Apply the bidi algorithm to segments
The bidi algorithm can be applied independently to one or more segments of structured text. For example, when displaying a document consisting of textual data and visible
markup in an editor, a higher-level process can handle syntactic elements in the markup separately from the textual data.
Clauses #1 and #3 are not logically necessary; they are covered by applications of clauses #4 and #5. However, they are included for clarity because they are more common operations.
As an example of the application of #4, suppose an XML document contains the following fragment. (Note: this is a simplified example for illustration: element names, attribute names, and attribute values could all be involved.)
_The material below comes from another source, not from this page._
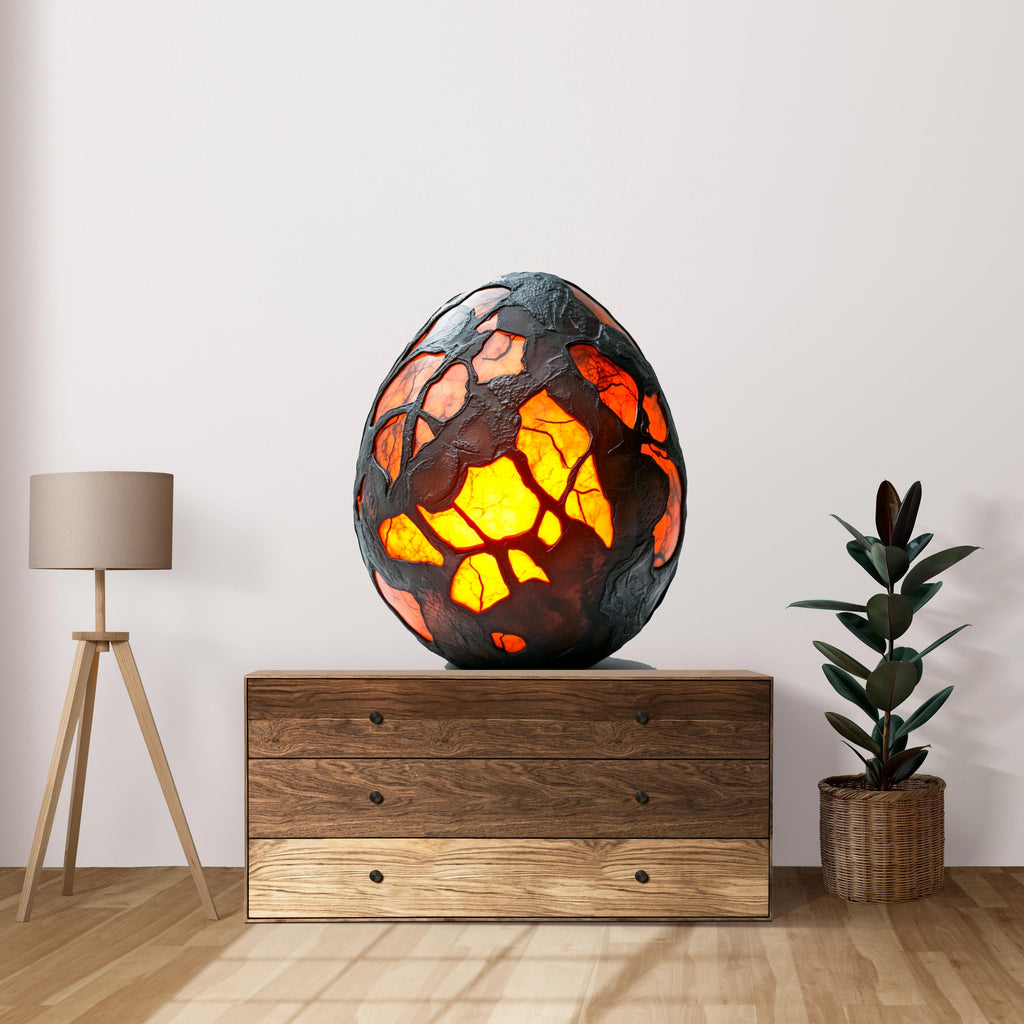 Molten Dragon Egg Wall Decal Fantasy Dragon Egg Sticker Lava Crystal Wall Art For Bedroom Kids Room Gaming Room Mythical Decor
ARABICenglishARABIC<e1 type='ab'>ARABICenglish<e2 type='cd'>english
This can be analyzed as being 5 different segments:
ARABICenglishARABIC
<e1 type='ab'>
ARABICenglish
<e2 type='cd'>
english
To make the XML file readable as source text, the display in an editor could order these elements all in a uniform direction (e.g. all left-to-right), and apply the bidi algorithm to each field separately. It could also choose to order the element names, attribute names and attribute values uniformly in the same direction (e.g. all left-to-right). For final display, the markup could be ignored, allowing all of the text (segments a, c, and e) to be reordered together.
An IRI (international URI) can be analyzed as being structured text, and thus a higher-level protocol could apply clause #4 and order the segments in a uniform direction . However, the existence of this capability does not imply that in normal display this either should or should not be done.
When text using a higher-level protocol is to be converted to Unicode plain text, for consistent appearance formatting codes should be inserted to ensure that the order matches that of the higher-level protocol.